Ces deux dernières décennies, le Sénégal a entrepris d’énormes efforts pour rendre le secteur de l’assainissement autonome et le hisser au rang de priorité nationale. Ce dernier était jusque là rattaché aux services de l’hydraulique, notamment la Société Nationale d’Exploitation des Eaux du Sénégal-SONEES. Cette autonomisation fut concrétisée par la Loi n° 2009- 24 du 8 juillet 2009 portant Code de l’Assainissement. Les différents plans, politiques et stratégies d’assainissement promus depuis cette première alternance politique ont contribué à donner une nouvelle image du milieu urbain, Dakar en particulier.
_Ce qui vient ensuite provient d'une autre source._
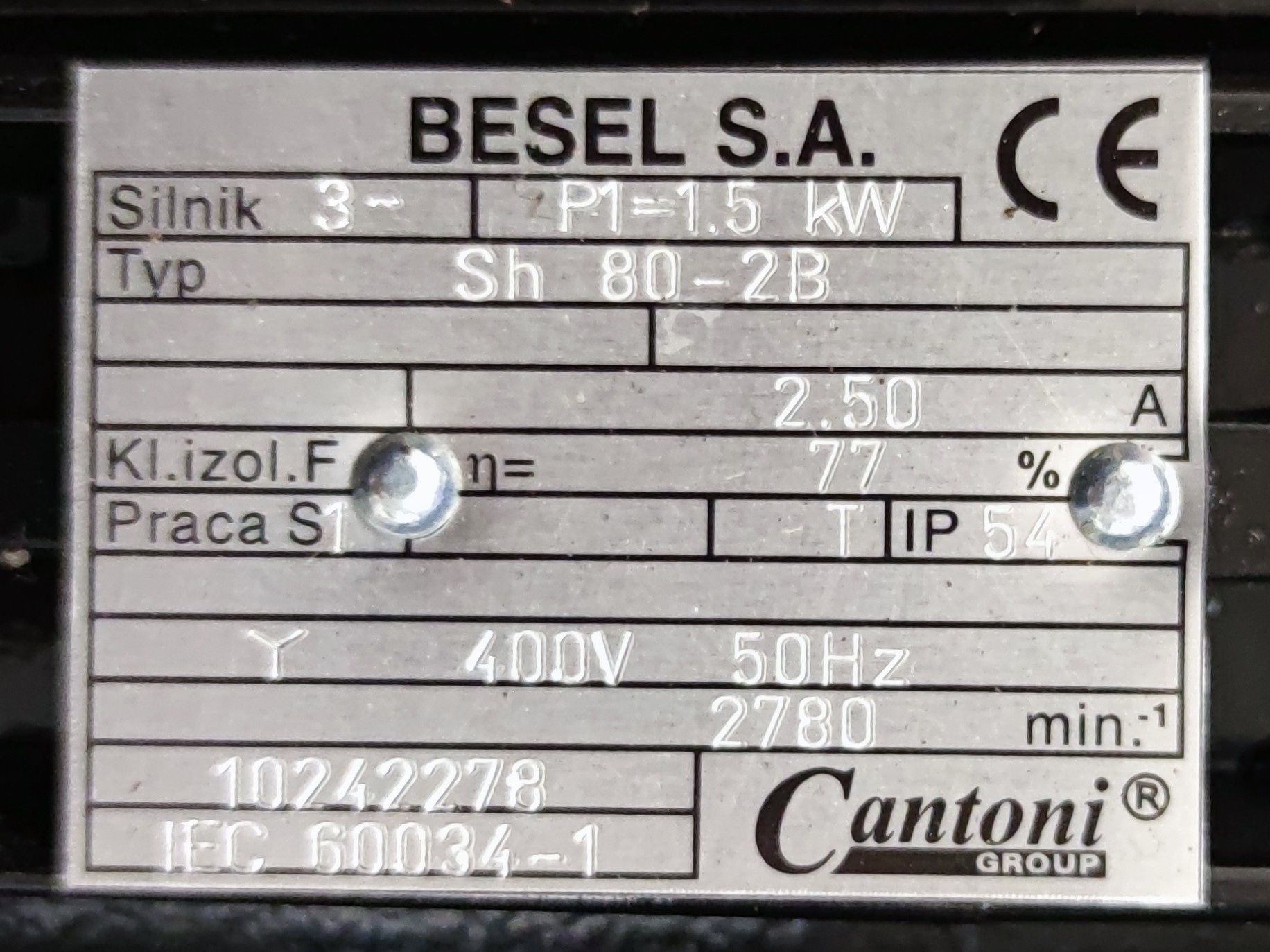Silnik 3f 1,5 kw 2780 obr. Besel s.a. sh 80-2b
Au-delà de l’amélioration du cadre de vie, le secteur de l’assainissement incarne un fort enjeu économique susceptible de relever le niveau du Produit Intérieur Brut. Même s’il fait face en outre à quelques défis liés en partie à la bonne gestion des ressources qui lui sont allouées. Des perspectives sont néanmoins en vue pour rendre ce domaine de l’assainissement plus attractif pour les décideurs nationaux. Enjeux socioéconomiques Première ville économique du Sénégal, Dakar est confrontée à des défis multiples concernant le secteur de l’assainissement.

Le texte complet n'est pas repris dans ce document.